As Lord Haddo he married Isabelle Coaten, daughter of David Coaten, and they have four children
- Ivo Alexander Ninian Gordon, Earl of Haddo (born 2012), heir apparent
- Lord Johnny David Nehemiah Gordon (born 2014)
- Lady Christabel Alexandra Lully Gordon (born 2016)
- Lord Louis George Solomon Gordon (born 2018)

== Succession and family tree ==

- Alexander George Gordon, 7th Marquess of Aberdeen and Temair (1955–2020)
  - George Ian Alastair Gordon, 8th Marquess of Aberdeen and Temair (born 1983)
    - (1) Ivo Alexander Ninian Gordon, Earl of Haddo (born 2012)
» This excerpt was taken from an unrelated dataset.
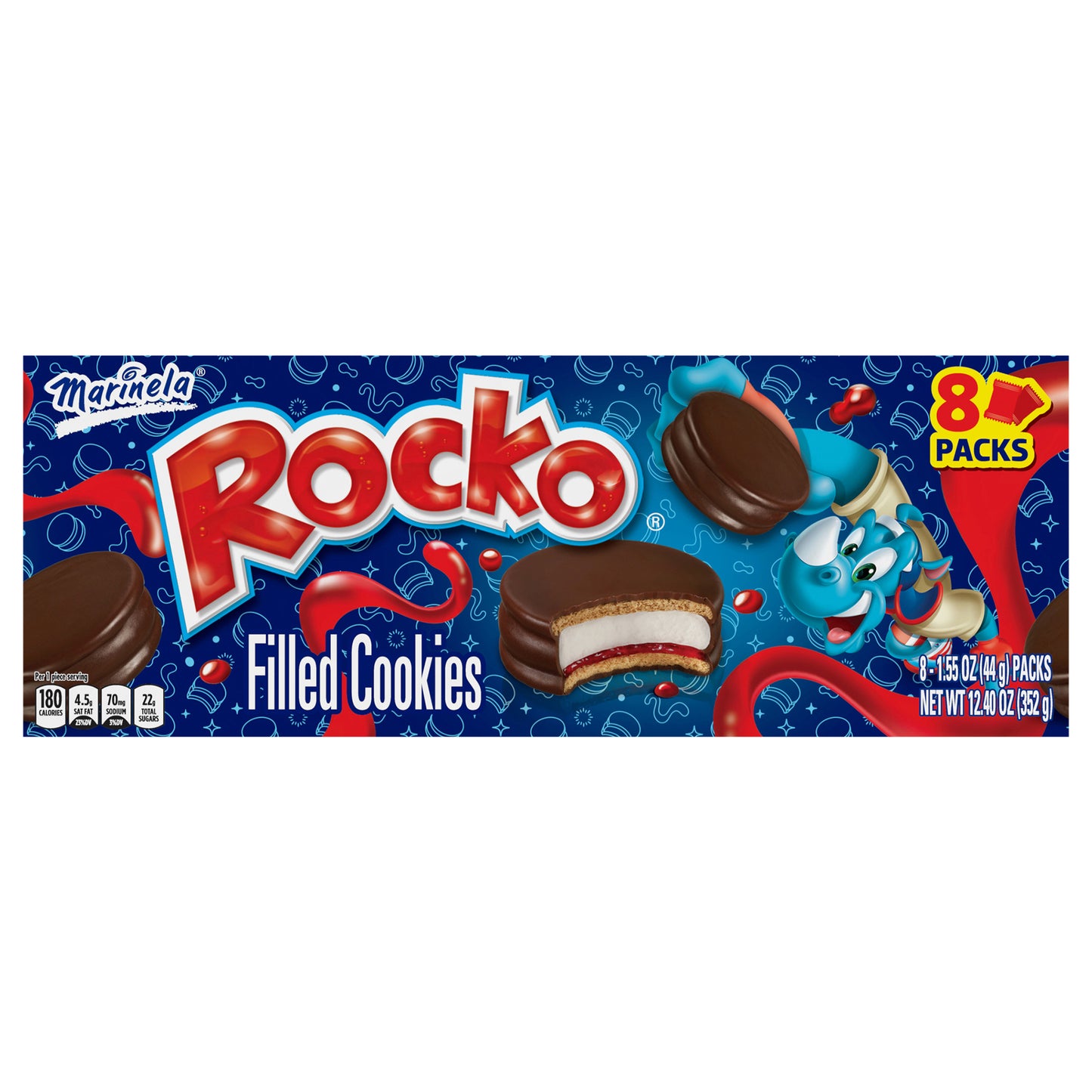 Marinela Rocko Strawberry and Marshmallow Filled Snack Cookies with Chocolate Coating, 8 count, 12.40 oz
    - (2) Lord Johnny David Nehemiah Gordon (born 2014)
    - (3) Lord Louis George Solomon Gordon (born 2018)
  - (4) Lord Sam Dudley Gordon (born 1985)
    - (5) Bertie Raiph Dudley Gordon (born 2016)
  - (6) Lord Charles David Gordon (born 1990)
There are further heirs to the subsidiary Earldom of Aberdeen, including the Duff-Gordon baronets, who are descended from Lord Rockville, a younger son of the second earl.